**Problem statement:**
Skip pictures in the listing below; copy exactly the lines from the one with "Welcome to XR" through the one with "After connecting the", inclusive.

** Provided entries follows **

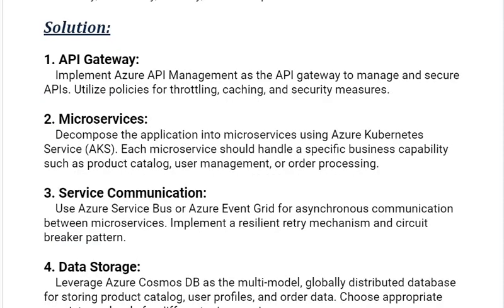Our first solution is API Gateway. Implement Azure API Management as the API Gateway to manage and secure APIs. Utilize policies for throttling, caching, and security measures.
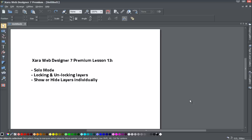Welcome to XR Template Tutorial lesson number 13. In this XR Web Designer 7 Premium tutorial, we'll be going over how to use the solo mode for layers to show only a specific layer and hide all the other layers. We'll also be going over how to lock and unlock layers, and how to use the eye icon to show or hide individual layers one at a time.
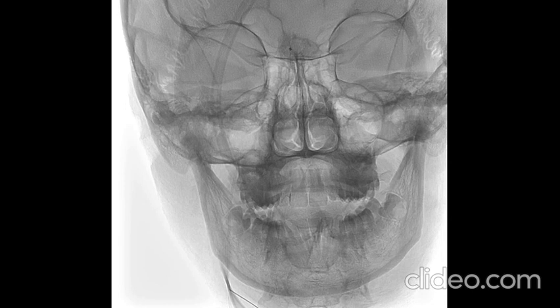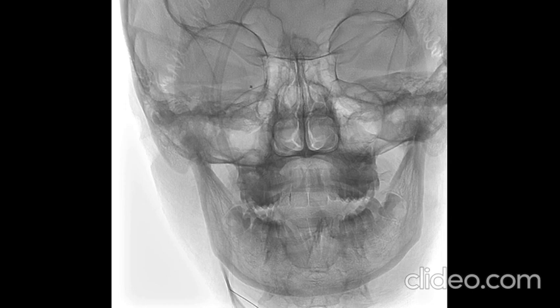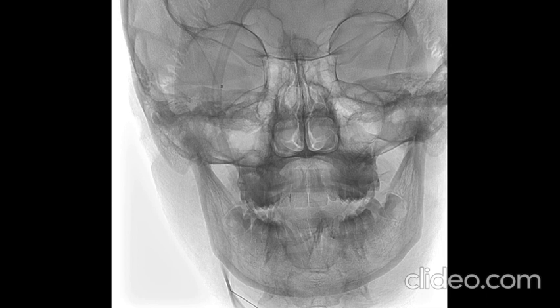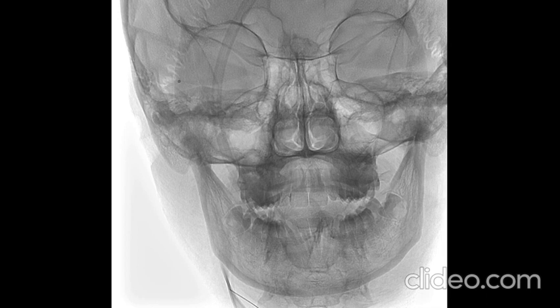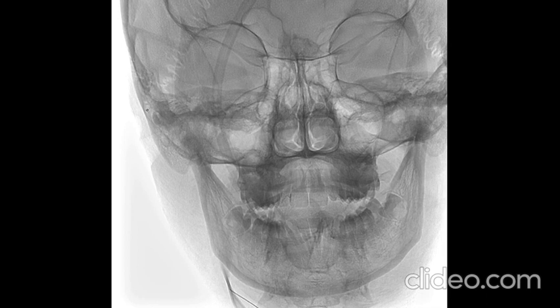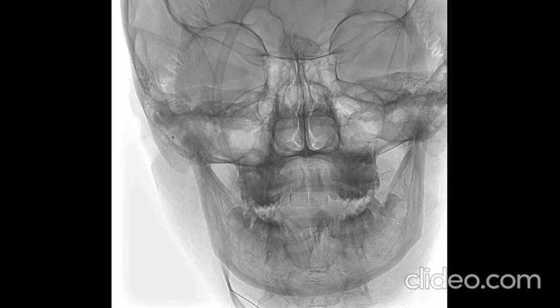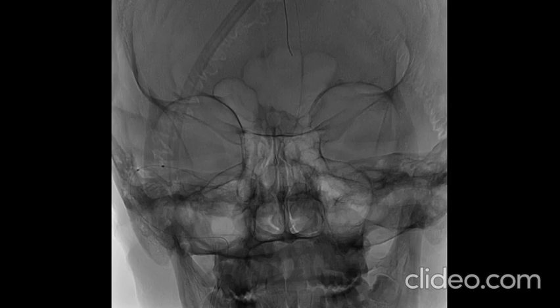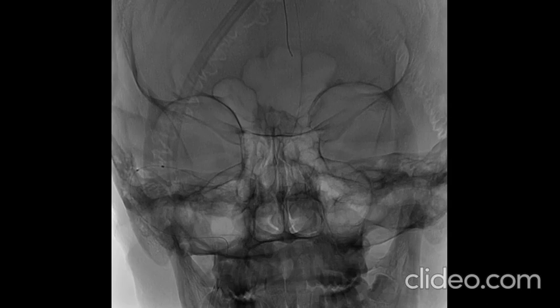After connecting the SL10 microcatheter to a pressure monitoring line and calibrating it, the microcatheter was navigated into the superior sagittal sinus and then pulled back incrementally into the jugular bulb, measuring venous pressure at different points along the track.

** End of Provided entries **
** Provided entries follows **

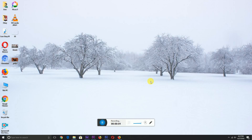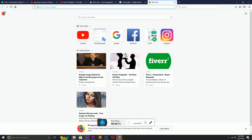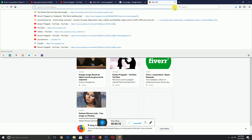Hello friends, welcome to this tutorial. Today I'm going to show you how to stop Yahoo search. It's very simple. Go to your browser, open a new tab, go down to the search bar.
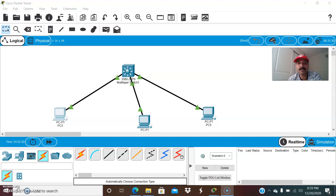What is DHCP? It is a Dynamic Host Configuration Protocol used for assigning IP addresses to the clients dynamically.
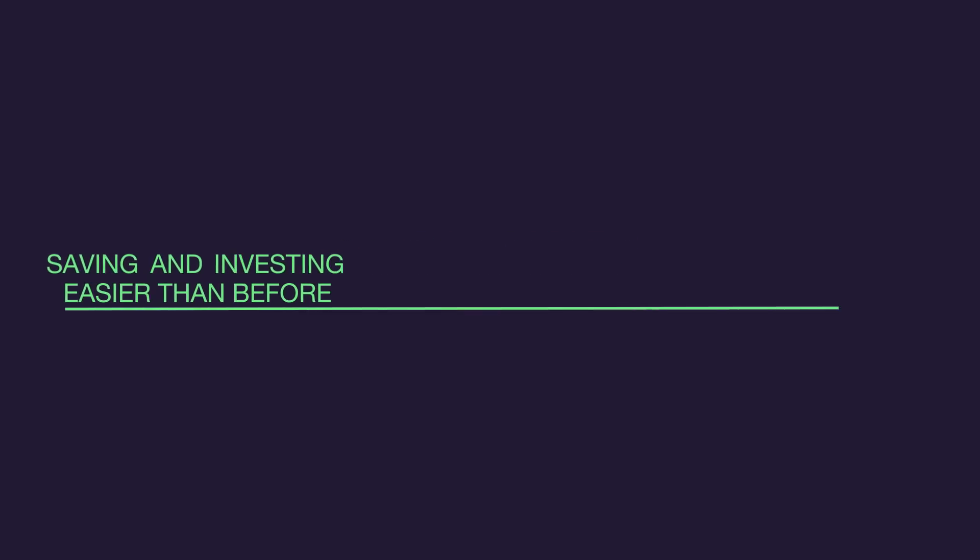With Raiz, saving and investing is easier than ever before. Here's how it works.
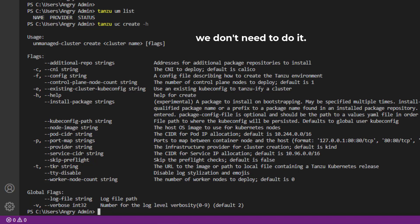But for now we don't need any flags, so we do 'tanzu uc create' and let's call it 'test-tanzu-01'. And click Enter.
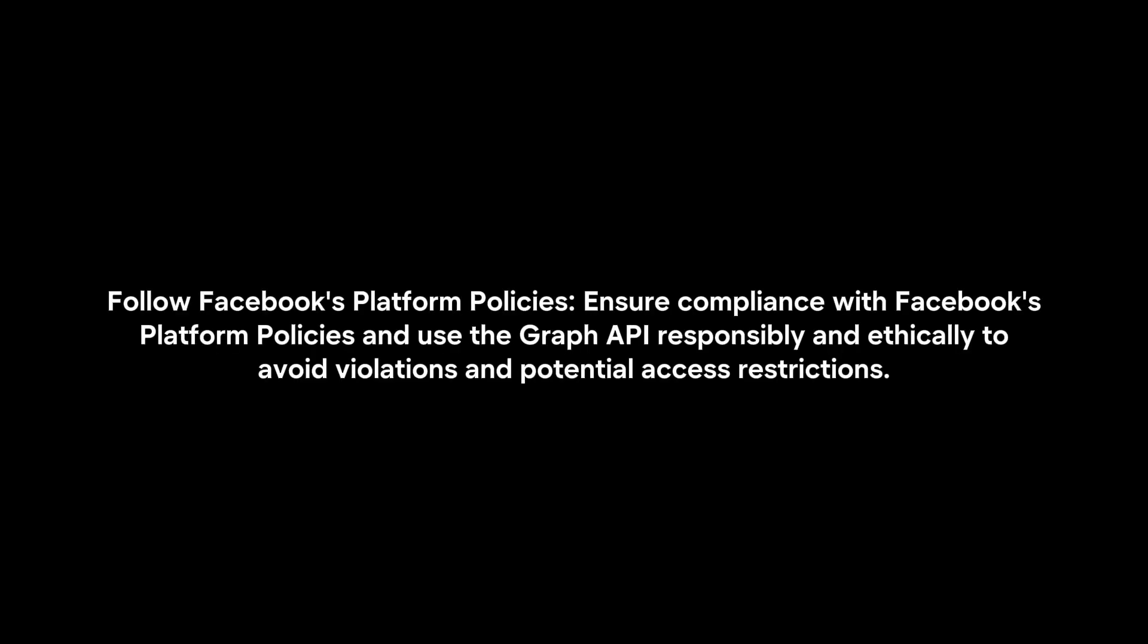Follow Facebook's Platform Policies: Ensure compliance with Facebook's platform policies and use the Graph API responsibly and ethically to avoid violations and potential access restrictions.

** End of Provided entries **
** Provided entries follows **

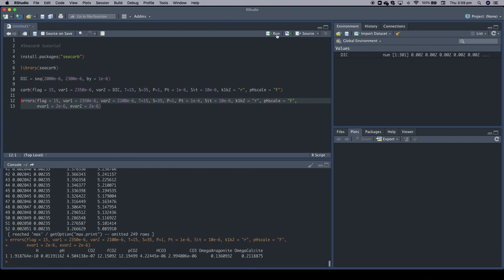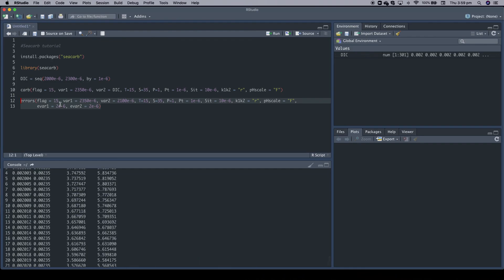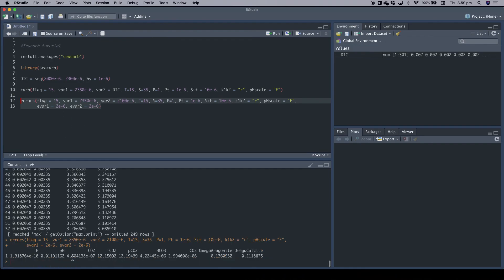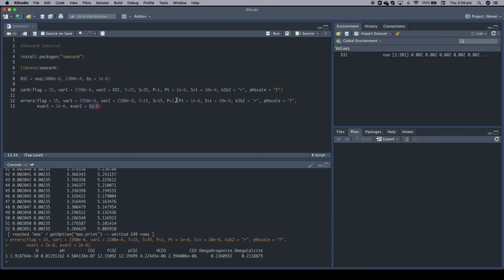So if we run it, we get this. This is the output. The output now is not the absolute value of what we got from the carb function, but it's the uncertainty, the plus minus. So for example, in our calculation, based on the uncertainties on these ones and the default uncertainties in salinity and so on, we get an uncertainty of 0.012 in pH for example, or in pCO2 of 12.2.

** End of Provided entries **

**Result for this exercise:**
Welcome to XR Template Tutorial lesson number 13. In this XR Web Designer 7 Premium tutorial, we'll be going over how to use the solo mode for layers to show only a specific layer and hide all the other layers. We'll also be going over how to lock and unlock layers, and how to use the eye icon to show or hide individual layers one at a time.
After connecting the SL10 microcatheter to a pressure monitoring line and calibrating it, the microcatheter was navigated into the superior sagittal sinus and then pulled back incrementally into the jugular bulb, measuring venous pressure at different points along the track.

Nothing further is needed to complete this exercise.